Friday, October 2, 2009

Pavlysh Secondary School

The school that Sukhomlinsky headed in Pavlysh was a combined primary and secondary school, with 4 years of primary and 6 years of secondary education offered to the students. The enrolment was about 500 students. Sukhomlinsky was appointed to the school in 1947, when the German occupation was still fresh in children’s memories. Many children had suffered great trauma during the war. Some had lost parents, some had been injured, some did not even know who their parents were.

Sukhomlinsky felt that in many cases the school’s first priority was to help children regain their childhood. Without a genuinely humane approach meaningful education would be impossible. Sukhomlinsky had to overcome great trauma himself. He had nearly died on the battlefield, with his arm nearly severed, and fragments of shrapnel left in his chest. Then, when his native village was freed from occupation, he learnt of the violent death of his wife and child. For years he found it difficult to sleep at night, and woke early to lose himself in his work. His love for children was what kept him sane. Each morning he looked forward to the sound of their chatter as they arrived at school.

In 1969 Sukhomlinsky published a book summarizing his experience and that of his staff at the school in Pavlysh. In it he attempts to show the interconnectedness of all the activities at his school, and paints a picture of a holistic approach to education, which included physical, moral, intellectual, aesthetic and vocational elements. He considered that no one element of education was the most important, but that all were important, just as each petal of a flower contributes to its beauty.

In my book “Each One Must Shine”, many of the quotations in chapters three and four are taken from Sukhomlinsky’s account in “Pavlyshskaya sredyaya shkola” [Pavlysh Secondary School]. Here are some of them:

‘The child is a living creature, his brain is a most delicate and tender organ, which must be treated with care and concern. It is possible to give primary education in three years, but only on the condition that there is a constant concern for the children’s health, and for the normal development of the child’s organism. The basis for effective intellectual work is not to be found in its tempo and intensity, but in due attention being given to its organisation, in carrying out multifaceted physical, intellectual and aesthetic education.” (p. 54)

“The repeated experience of joy accompanying good deeds in childhood is transformed over time into that voice of conscience which bears witness to a high level of moral consciousness.” (p. 59)

“In our system of intellectual education there are work assignments whose principal aim is the formation of a philosophy of life. For example when working on an experimental plot a pupil may demonstrate that soil is a particular medium for the activity of microorganisms. The demonstration of this truth is only the first step towards autonomous activity leading to the formation of a philosophy of life. The next step is the creation of a soil which will yield a rich harvest.” (p. 72)

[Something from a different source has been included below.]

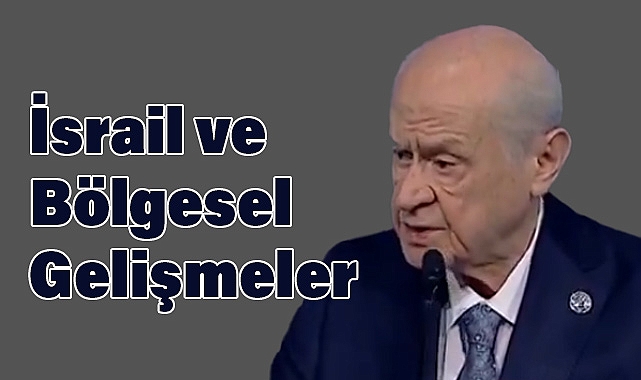 Bahçeli’den Siyaset ve Liderlik Okulu’nda Gündem Mesajları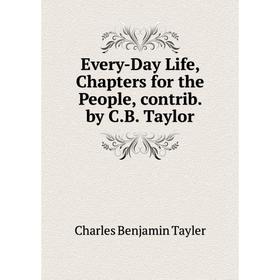 

Книга Every-Day Life, Chapters for the People, contrib. by C.B. Taylor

“At our school children of seven and eight years already carry out interesting and engaging work of considerable social significance. ... For instance, two months before they commence grade one, the little ones collect seeds from trees. In the spring they perform their first work of major social significance: sowing the seeds of trees on the slopes of ravines and gullies. They look after the trees, this creating defensive wooded belts preventing soil erosion in the fields. The work of the smallest pupils in the fields of the local collective farm has created several major defensive forest belts which, over a period of ten years, have stopped soil erosion on an area of 160 hectares.” (p. 87)

“The first thing that catches the eye of a child who enters our school in grade one is the array of interesting thing that all, without exception, are busy with. Each pupil has a favourite workplace, a favourite hobby, and an older friend whose work serves as a model. The overwhelming majority of pupils are not only learning something, mastering something, but passing on their acquired skills and knowledge to their friends. .... This is how a vocation is born, and how self-education occurs.” (p. 92)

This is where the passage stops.